Magpie: Developing and Using Buyer Personas
In March 2017, during their final semester in an MBA program, Magpie’s co-founders—Damjan Korać, Gerrit Orem, and Andrea Fantacone—sat on a bus from New York to Boston and discussed the next steps for their venture. Magpie delivered a single-click shopping experience to any image, video, or app on the web, letting publishers natively tag products in their content and letting consumers purchase those products without needing to leave the page. In less than a year, the co-founders had bootstrapped their student startup, focusing on product development relevant to all players in their multi-sided platform: retailers, publishers, and consumers. They were developing a consolidated catalog of all products on the internet with up-to-date pricing and inventory information, an API that would allow Magpie to inject orders directly into any retail system, and a consumer interface that removed almost all friction from the online shopping experience. The founders believed publishers were a key driver for initial adoption. By leveraging existing pages and apps where consumers already interacted with content, Magpie could minimize costly consumer marketing expenses. Other companies had tried to tackle this space and had stumbled with publisher acquisition. Magpie had brought in online content creators for product development input from day one. They were ready to focus on publishers as launch partners in June 2017. Magpie’s offering had received enthusiastic responses from those contacted, but the team knew that excitement during an exploratory interview or focus group would not necessarily translate to a signed contract. Based on the interviews, the team had created four publisher personas in their initial launch segment. They hoped to use these personas to determine priorities, the order in which to target different types of publishers, and the messaging and media needed for marketing to each group. The team also wondered if they had generated the optimal breakdown of publishers into distinct personas. Was their analysis missing any key characteristics of publisher’s goals, motivations, and behavior?
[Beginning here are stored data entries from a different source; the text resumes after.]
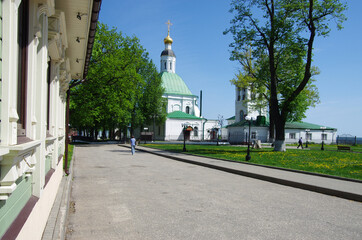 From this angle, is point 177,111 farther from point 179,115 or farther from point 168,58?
point 168,58

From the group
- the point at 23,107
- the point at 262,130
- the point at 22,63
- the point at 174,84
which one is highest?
the point at 174,84

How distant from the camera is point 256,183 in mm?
11594

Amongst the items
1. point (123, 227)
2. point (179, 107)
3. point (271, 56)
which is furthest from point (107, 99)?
point (179, 107)

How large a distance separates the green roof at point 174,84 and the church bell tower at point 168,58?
169cm

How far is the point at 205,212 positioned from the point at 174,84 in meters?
66.3

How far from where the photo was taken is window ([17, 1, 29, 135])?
3268 millimetres

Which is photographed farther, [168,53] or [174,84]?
[168,53]

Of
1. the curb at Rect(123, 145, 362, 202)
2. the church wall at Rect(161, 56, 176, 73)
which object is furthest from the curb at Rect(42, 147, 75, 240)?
the church wall at Rect(161, 56, 176, 73)

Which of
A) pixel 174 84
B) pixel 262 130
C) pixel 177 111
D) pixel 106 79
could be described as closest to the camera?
pixel 106 79

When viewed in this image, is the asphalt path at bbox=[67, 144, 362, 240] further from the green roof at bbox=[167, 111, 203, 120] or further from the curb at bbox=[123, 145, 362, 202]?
the green roof at bbox=[167, 111, 203, 120]

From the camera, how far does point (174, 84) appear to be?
237 feet

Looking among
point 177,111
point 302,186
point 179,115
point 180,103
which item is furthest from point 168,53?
point 302,186

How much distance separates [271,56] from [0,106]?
28860mm

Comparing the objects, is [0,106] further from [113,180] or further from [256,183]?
[256,183] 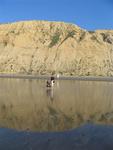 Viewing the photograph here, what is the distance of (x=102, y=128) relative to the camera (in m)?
21.5

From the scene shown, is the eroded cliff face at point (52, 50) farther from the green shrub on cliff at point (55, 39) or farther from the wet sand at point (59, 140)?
the wet sand at point (59, 140)

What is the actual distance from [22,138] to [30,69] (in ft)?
510

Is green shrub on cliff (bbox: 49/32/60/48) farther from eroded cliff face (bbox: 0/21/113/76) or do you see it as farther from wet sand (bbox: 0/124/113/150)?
wet sand (bbox: 0/124/113/150)

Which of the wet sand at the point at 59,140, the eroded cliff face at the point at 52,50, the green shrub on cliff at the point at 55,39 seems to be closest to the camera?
the wet sand at the point at 59,140

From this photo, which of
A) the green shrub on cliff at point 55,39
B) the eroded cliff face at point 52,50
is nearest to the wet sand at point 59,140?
the eroded cliff face at point 52,50

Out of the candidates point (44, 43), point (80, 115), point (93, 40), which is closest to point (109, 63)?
point (93, 40)

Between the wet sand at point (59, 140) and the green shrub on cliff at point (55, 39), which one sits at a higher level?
the green shrub on cliff at point (55, 39)

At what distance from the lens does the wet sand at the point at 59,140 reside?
51.8ft

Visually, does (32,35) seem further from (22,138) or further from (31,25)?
(22,138)

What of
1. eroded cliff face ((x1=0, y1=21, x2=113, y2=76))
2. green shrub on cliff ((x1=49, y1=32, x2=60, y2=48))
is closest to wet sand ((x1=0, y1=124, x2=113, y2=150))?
eroded cliff face ((x1=0, y1=21, x2=113, y2=76))

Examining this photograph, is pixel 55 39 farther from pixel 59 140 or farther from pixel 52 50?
pixel 59 140

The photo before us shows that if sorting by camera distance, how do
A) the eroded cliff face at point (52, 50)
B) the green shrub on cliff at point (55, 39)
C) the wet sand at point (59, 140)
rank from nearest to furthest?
the wet sand at point (59, 140), the eroded cliff face at point (52, 50), the green shrub on cliff at point (55, 39)

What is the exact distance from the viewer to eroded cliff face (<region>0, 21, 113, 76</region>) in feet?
566

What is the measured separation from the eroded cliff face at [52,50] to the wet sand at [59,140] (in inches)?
5914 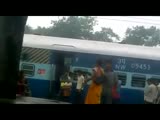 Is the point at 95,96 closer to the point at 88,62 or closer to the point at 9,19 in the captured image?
A: the point at 9,19

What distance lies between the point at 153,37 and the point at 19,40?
3413 mm

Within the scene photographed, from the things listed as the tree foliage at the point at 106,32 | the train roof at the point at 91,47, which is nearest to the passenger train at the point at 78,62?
the train roof at the point at 91,47

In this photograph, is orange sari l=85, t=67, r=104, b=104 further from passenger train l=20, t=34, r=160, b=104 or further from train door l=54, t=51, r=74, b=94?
train door l=54, t=51, r=74, b=94

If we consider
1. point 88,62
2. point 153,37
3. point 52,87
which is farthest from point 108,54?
point 153,37

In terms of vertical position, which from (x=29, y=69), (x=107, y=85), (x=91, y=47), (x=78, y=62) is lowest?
(x=107, y=85)

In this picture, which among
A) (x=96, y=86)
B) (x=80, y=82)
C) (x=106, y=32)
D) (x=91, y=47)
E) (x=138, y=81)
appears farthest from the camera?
(x=138, y=81)

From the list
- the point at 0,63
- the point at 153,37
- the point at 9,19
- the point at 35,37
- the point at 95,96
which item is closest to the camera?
the point at 9,19

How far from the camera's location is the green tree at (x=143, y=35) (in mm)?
7130

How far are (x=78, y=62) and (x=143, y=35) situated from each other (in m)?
Result: 2.72

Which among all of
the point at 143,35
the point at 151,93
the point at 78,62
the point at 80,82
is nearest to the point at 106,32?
the point at 143,35

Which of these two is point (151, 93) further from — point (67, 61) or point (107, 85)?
point (67, 61)

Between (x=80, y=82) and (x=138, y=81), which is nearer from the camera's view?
(x=80, y=82)

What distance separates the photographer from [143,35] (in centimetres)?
788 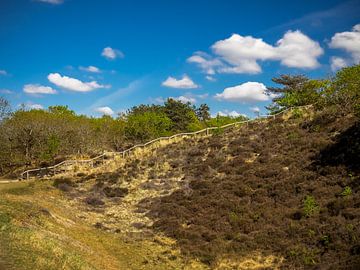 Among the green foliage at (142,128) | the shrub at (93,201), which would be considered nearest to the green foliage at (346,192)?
the shrub at (93,201)

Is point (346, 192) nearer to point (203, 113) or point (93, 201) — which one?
point (93, 201)

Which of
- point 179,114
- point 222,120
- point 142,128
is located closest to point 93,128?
point 142,128

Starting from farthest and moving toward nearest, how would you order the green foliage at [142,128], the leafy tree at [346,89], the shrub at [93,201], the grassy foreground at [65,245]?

The global market for retail e-commerce in 2016 was $1.915 trillion, about 8% of total retail sales. Analysts predicted that retail e-commerce sales would be $4 trillion by 2020, with growth driven heavily by the Asia-Pacific region’s growing middle class, heightened competition among e-commerce players, an increasingly robust internet infrastructure, and greater mobile and internet penetration.1 Strong growth was also predicted in North America, the world’s second-largest market for retail e-commerce, where 2016 sales of $385 billion were expected to grow to exceed $600 billion by 2020.2 Although most retailers’ e-commerce sales were growing, they were far outpaced by Amazon, which accounted for 55% of US e-commerce growth in 2016. Many analysts attributed this in part to Amazon’s success in streamlining its checkout process while offering unrivaled product selection. 3 A number of trends had emerged. First, while desktop browser-based shopping had long reigned supreme in e-commerce, mobile shopping was becoming increasingly salient due to growing smartphone penetration across the globe. Many brands and retailers were seeking better ways to engage consumers and increase conversion rates on mobile devices.4 Second, online influencers and social shopping (sales driven by influencer channels) were becoming important. The top 500 retailers generated $3.3 billion from social shopping by 2014, a 26% more than the prior year, 5 and commissions to online influencers were growing. U.S. affiliate marketing spend was expected to grow at a 10% CAGR to $6.8 billion in 2020, 6 a rate higher than that of the e-commerce market. Retailers were interested in how to capture the power of influencers and social shopping. Finally, an estimated $4.6 trillion worth of online shopping carts were abandoned by consumers in 2015 and about 60% was potentially recoverable if retailers improved the e-commerce experience.7 Studies found that, of the $2.8 trillion in potentially recoverable carts, 27% of sales, or $756 billion, were specifically lost due to friction in the purchase process.8 This represented a big opportunity, especially as more shoppers used mobile where the potential for purchase friction increased significantly.